> [What you should do]
All lines from the one containing "Modern office space" through the end of the data below are to be transcribed exactly. Leave out the rest.

(Short descriptive text snippets)
***
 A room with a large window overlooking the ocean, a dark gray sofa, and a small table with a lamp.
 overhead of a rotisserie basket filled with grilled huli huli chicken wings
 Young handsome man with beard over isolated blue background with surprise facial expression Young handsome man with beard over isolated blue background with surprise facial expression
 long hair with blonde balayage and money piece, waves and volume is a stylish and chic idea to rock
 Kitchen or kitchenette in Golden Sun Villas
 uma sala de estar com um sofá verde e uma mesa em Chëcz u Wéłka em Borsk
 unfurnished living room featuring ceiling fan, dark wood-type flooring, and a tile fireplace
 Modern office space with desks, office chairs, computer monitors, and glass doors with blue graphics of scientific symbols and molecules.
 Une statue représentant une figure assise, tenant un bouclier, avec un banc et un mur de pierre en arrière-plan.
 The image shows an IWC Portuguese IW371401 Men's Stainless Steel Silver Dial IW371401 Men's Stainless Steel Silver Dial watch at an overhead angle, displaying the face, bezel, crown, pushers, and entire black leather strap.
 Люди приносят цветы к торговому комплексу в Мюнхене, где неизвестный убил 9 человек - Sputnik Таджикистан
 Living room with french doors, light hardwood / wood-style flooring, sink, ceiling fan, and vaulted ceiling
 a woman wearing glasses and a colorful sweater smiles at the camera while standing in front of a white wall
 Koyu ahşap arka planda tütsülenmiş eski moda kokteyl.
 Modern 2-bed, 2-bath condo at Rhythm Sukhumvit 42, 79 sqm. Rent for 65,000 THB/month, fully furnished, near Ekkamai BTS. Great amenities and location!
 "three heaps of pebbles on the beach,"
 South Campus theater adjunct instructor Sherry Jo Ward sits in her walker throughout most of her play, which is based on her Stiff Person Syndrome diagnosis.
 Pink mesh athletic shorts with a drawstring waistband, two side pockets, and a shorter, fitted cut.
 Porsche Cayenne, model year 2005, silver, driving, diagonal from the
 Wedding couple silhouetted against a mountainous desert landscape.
***
> [Solution to this task]
 Modern office space with desks, office chairs, computer monitors, and glass doors with blue graphics of scientific symbols and molecules.
 Une statue représentant une figure assise, tenant un bouclier, avec un banc et un mur de pierre en arrière-plan.
 The image shows an IWC Portuguese IW371401 Men's Stainless Steel Silver Dial IW371401 Men's Stainless Steel Silver Dial watch at an overhead angle, displaying the face, bezel, crown, pushers, and entire black leather strap.
 Люди приносят цветы к торговому комплексу в Мюнхене, где неизвестный убил 9 человек - Sputnik Таджикистан
 Living room with french doors, light hardwood / wood-style flooring, sink, ceiling fan, and vaulted ceiling
 a woman wearing glasses and a colorful sweater smiles at the camera while standing in front of a white wall
 Koyu ahşap arka planda tütsülenmiş eski moda kokteyl.
 Modern 2-bed, 2-bath condo at Rhythm Sukhumvit 42, 79 sqm. Rent for 65,000 THB/month, fully furnished, near Ekkamai BTS. Great amenities and location!
 "three heaps of pebbles on the beach,"
 South Campus theater adjunct instructor Sherry Jo Ward sits in her walker throughout most of her play, which is based on her Stiff Person Syndrome diagnosis.
 Pink mesh athletic shorts with a drawstring waistband, two side pockets, and a shorter, fitted cut.
 Porsche Cayenne, model year 2005, silver, driving, diagonal from the
 Wedding couple silhouetted against a mountainous desert landscape.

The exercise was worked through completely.